The 2006 Red Sox were no more than some ideas wrapped up in an enigma (Theo Esptein) and more questions were being asked, and more hours among fans and the media, spent flogging the entire Theo-gate issue than, it seems in retrospect, were justified.
From my perspective, the following things do not matter:
  • who was responsible for what signings or non-signings or trades. That is for the Red Sox history (consipiracy) buffs.
  • whose starting pitchers are better, Red Sox or Yankees. The on-paper arguments are fun for the scribes and some rabid Yankees fans, but what really matters is how spring training goes for both bunches. (I read that Pavano may start the year late.)

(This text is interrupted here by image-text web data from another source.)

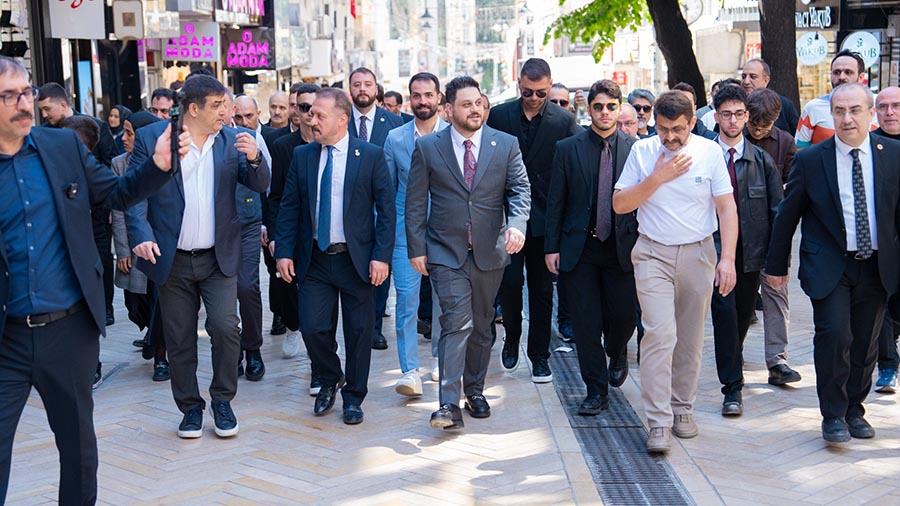 “İnsanı yaşat ki devlet yaşasın”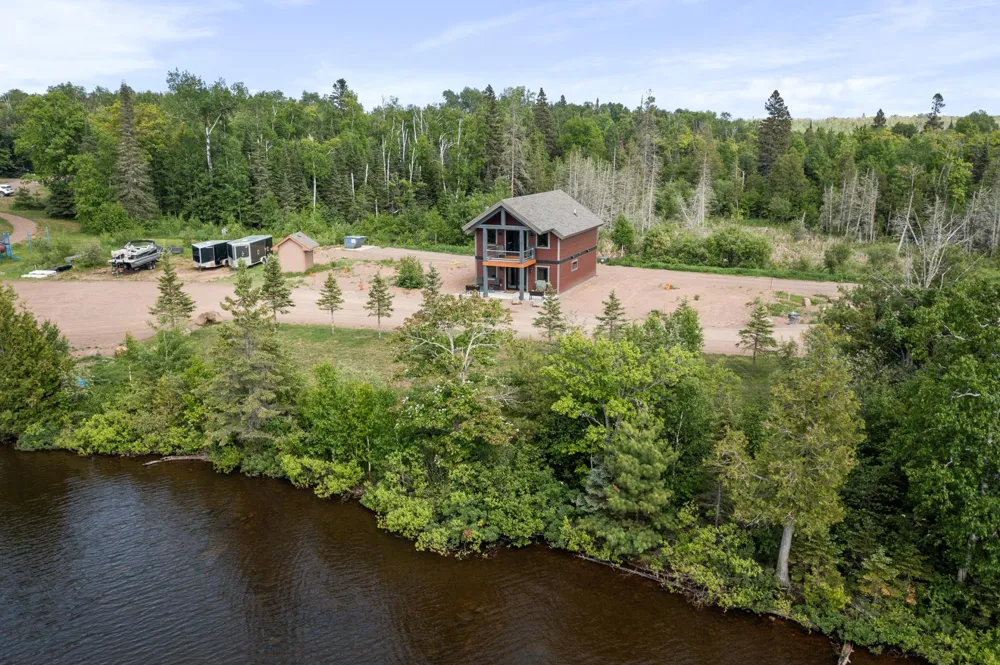 6785 Village Drive Finland, MN 55603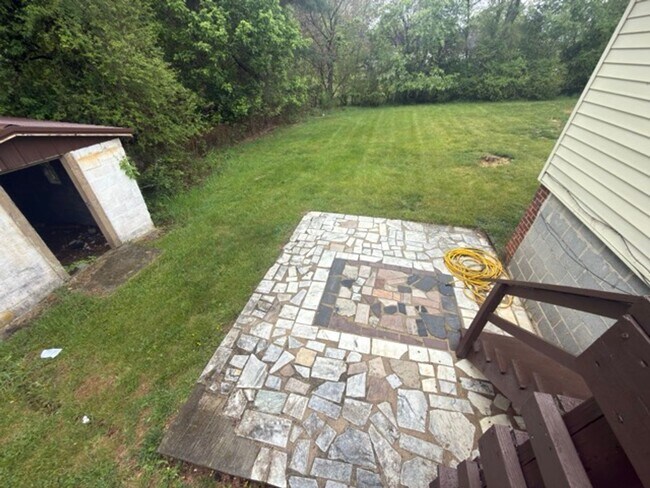 Building Photo - Pulaski, 4BR / 2 BA, available now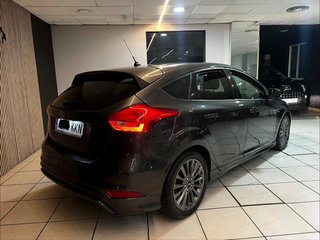 Ford Focus ST LINE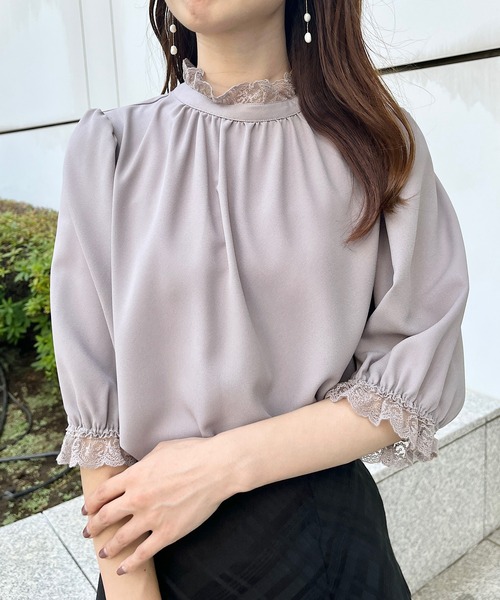 couture brooch（クチュールブローチ）の「【華やか・大人可愛い・5分袖】エンブロレース前後2WAYブラウス（シャツ/ブラウス・レディース・ブラック/アイボリー/ブラウン系その他・40/38/42/36）」の3枚目の写真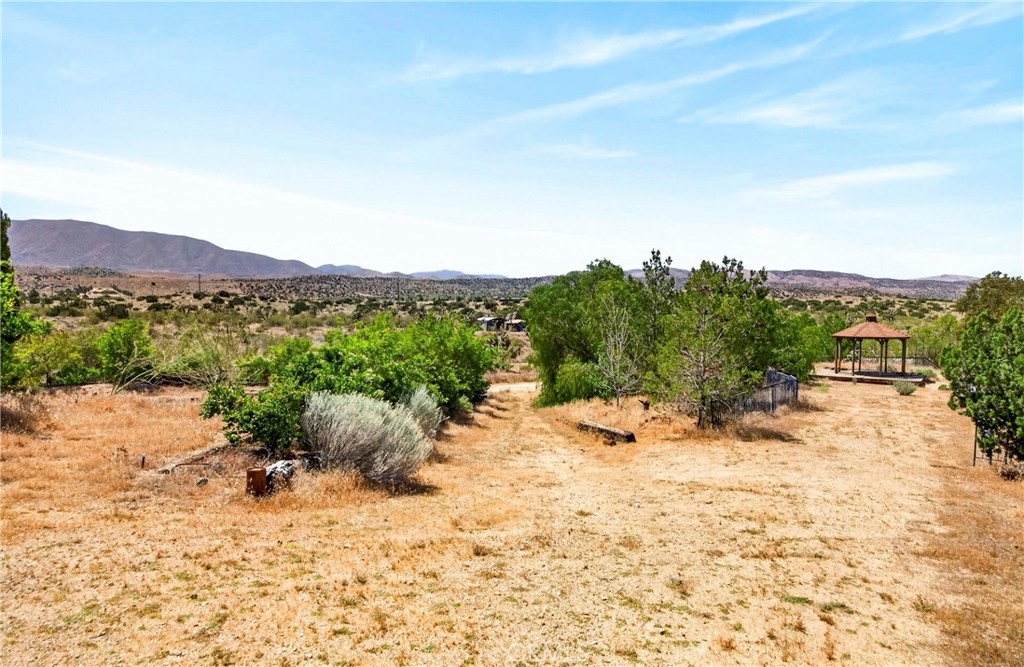 main property photo 10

  • Mike Lowell's hitting. The man had a bad year, for various reasons. He is too young to have hit the wall and fallen down. He will hit .300 or better.
  • Josh Beckett's arm. I have heard him described as damaged, injured, suspect, etc. Let the man throw one pitch or two in anger before the negatives start flowing.
  • JT Snow. He is a better first basemen than anyone on the Sox for years. Let Kevin Youkilis learn the postion from an All-Star first baseman; if that turns out to be the only value Snow brings (and it will not be), that is still great value.
  • Manny Ramirez' status. He is going to play and play for the Sox; there is simply no deal out there worthy of his being traded. One may develop but I am sure the Sox will not let him go once the season starts and the numbers pile up for him and Papi.
  • Alex Gonzales' batting average. This may be going too far back for many people, but many teams in history managed to win and win the World Series with very low-average hitters (e.g., Mark Belanger, Ed Brinkman, Dal Maxvill, Bud Harrelson). Gonzales will benefit from not having to worry about his offense on this team and may actually improve his average as a result of being in this lineup.
  • Curt Schilling's personality. He pitches, he makes no excuses, he has strong opinions. Let him speak and pitch, in reverse order. Who cares what he says? He is a baseball player not a politician.